"When they throw the book at you, remember to duck. A predatory lawyer gets some of her own treatment."
-- DVD description of the episode
Predatory, shameless, and obnoxious ambulance chasing lawyer Geraldine Ferrett gets busted in the remote small town of Stuecksville for a moving violation. Ferrett initially thinks that she can simply resolve the situation by paying a fine, but soon discovers that the folks in Stuecksville have a very odd and strict concept of justice.
Opening Segment Edit"From over seas and underworld, it's the Crypt Keeper Noose Network. Good evening crypts. In the news tonight, wolfman bites dog, vampires say life sucks, mummy takes the wrap after years in "de Nile," and illiterate zombies insist they're better dead than read. This just in. And our top story tonight is a nasty little soundbite about an ambulance-chasing lawyer whose about to bleed the toughest case of her life. I call it "Let the Punishment Fit the Crime."
Closing Segment Edit"Talk about trial and terror. Still, I think Geri will do just fine. I mean aside from the occasional attack of motion sickness. And now it's time for business news. So Chip, what happened on the shock exchanges today. Oh! Oh sorry, looks like it's time for the spurts report instead. Oh boy!"
- This episode is included on the Tales from the Crypt: The Complete Sixth Season DVD collection.
- "Let the Punishment Fit the Crime" aired on the same night as "Only Skin Deep".
- The setting for this episode is New York State.
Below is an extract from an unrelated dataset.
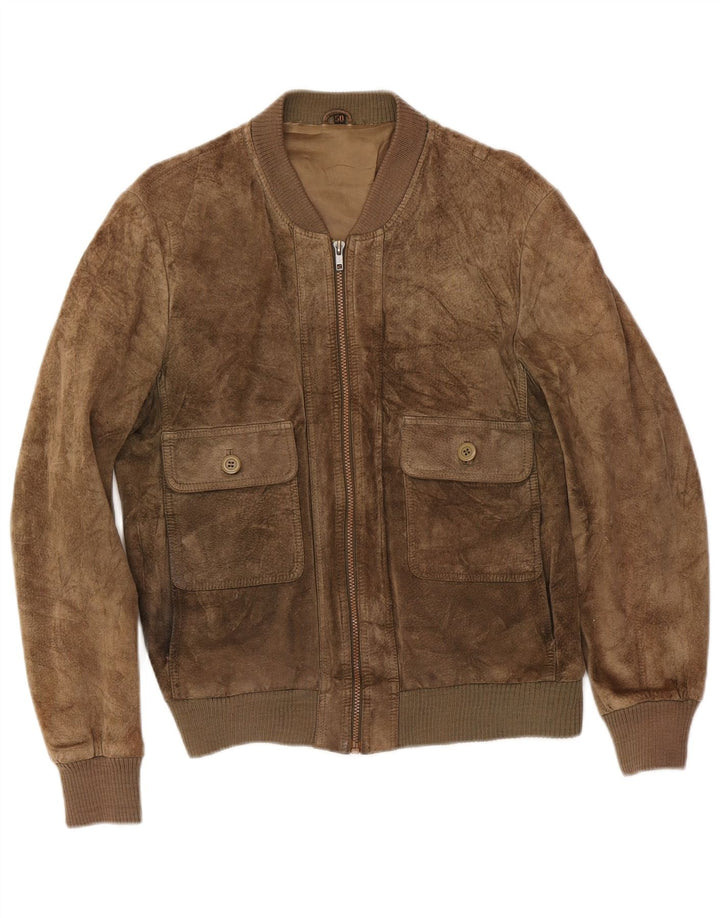 Vintage Damen Wildleder Bomberjacke IT 50 XL Khaki Leder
- This episode plays with the convention of the "Groundhog Day" scenario, wherein the protagonist (or antagonist), finds themselves replaying the same nightmare over and over, but with some varying differences.
- The Crypt Keeper is presented as an anchorman for CKNN, which is an acronym that stands for Crypt Keeper Noose Network.
- The man who is seen being dragged into courtroom B is Scott Nimerfro. He is actually a writer on the series who has written episodes such as "Judy, You're Not Yourself Today", "Werewolf Concerto", "People Who Live in Brass Hearses", and "Came the Dawn".
- The title comes from a song from the comic opera The Mikado with music by Arthur Sullivan and lyrics by W.S. Gilbert. The song details the unique punishments for crimes doled out by The Lord High Executioner of the play.
- In the opening segments, comic covers from past episodes Werewolf Concerto, The Reluctant Vampire, Lower Berth, and Til Death.